Matthew Hinman, senior analyst at International Investment firm, EXANTE says: 

Investor fears around the expansion of securities buyback programmes executed by Central Banks and the growing tension between the US and China has seen the price on gold futures fall from an 8-year high at the middle of last week to around $1770.

Additionally, rapid sell-out at the US markets yesterday helped strengthen the USD, which in turn played against the gold quotes.

This is because excessive market volatility like we’re experiencing now is not the best environment for gold. Since March it has been falling with the markets on a wave of margin-calls.

Nevertheless, since the beginning of the year gold’s price has risen by 16%. Additionally, the gold price soared during the last crisis – rising threefold from October 2008 to August 2011 to above $1900. History could repeat itself!

On one hand, investors fear the next wave of crisis which is predicted in the second half of 2020, and could be followed by a new, giant injection of liquidity.
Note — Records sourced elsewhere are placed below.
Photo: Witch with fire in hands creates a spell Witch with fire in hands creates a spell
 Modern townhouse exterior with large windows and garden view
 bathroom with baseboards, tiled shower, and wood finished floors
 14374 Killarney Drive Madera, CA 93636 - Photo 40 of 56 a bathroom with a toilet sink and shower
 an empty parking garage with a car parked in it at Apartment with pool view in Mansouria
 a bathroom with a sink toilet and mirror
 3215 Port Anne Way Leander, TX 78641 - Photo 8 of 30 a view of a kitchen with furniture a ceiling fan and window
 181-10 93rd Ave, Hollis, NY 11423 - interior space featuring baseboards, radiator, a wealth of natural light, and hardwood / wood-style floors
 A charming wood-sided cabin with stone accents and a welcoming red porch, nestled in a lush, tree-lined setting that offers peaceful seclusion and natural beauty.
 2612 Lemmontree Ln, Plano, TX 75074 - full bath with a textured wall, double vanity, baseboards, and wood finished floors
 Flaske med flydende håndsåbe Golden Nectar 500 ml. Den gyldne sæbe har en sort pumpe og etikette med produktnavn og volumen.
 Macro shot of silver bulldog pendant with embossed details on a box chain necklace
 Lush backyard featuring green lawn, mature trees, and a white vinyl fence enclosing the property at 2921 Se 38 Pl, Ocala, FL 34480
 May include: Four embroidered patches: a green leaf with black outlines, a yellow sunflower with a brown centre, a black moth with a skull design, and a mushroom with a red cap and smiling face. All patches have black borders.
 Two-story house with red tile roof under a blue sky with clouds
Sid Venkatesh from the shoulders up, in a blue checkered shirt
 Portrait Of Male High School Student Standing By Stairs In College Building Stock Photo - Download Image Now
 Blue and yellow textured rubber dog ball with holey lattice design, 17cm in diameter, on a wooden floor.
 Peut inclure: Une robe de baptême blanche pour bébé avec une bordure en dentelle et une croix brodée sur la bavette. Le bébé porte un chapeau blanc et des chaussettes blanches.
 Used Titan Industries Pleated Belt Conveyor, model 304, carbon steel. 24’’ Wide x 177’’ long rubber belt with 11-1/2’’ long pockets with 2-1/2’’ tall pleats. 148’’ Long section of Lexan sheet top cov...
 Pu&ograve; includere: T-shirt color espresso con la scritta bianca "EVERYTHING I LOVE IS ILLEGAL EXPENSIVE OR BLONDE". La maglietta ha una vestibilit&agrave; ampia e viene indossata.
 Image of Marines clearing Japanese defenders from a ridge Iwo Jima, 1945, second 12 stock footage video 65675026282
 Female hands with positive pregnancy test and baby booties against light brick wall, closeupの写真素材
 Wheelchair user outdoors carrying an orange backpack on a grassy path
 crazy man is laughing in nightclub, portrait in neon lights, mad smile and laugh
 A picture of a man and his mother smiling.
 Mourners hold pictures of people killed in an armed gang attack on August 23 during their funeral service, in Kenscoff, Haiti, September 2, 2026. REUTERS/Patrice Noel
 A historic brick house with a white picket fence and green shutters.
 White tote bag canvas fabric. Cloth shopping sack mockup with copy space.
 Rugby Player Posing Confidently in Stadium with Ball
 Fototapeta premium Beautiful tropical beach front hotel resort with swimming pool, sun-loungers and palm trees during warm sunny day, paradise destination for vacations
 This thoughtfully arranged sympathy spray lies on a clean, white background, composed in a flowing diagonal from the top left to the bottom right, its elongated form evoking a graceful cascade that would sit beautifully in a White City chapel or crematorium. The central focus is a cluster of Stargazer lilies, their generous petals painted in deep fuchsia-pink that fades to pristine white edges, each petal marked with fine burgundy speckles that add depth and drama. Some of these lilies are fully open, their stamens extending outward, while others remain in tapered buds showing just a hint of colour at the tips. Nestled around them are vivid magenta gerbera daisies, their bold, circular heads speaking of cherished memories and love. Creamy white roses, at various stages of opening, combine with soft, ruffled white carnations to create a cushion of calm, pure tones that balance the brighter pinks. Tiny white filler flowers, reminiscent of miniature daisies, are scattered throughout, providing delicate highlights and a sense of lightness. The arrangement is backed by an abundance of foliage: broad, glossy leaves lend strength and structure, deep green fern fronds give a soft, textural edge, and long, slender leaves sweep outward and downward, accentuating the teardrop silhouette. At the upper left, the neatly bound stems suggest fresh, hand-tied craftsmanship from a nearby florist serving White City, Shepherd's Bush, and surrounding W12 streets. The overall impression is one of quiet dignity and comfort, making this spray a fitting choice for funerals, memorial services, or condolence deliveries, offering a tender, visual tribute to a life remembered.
When the inflation in the US rises above 2% there will be an inflow into gold.On the other hand, there is still hope for a V-shaped economic growth scenario. This situation could lead to gold having to balance the demand for protective and anti-inflation properties and aspirations of active economic growth. The disappointment of bond and stock investors also adds to the popularity of the asset.

It is worth noting that most retail traders see a problem in high debt burden in the developed economies and are scared that the world will get flooded with cheap money, which would subsequently lead to the  devaluation of their positions.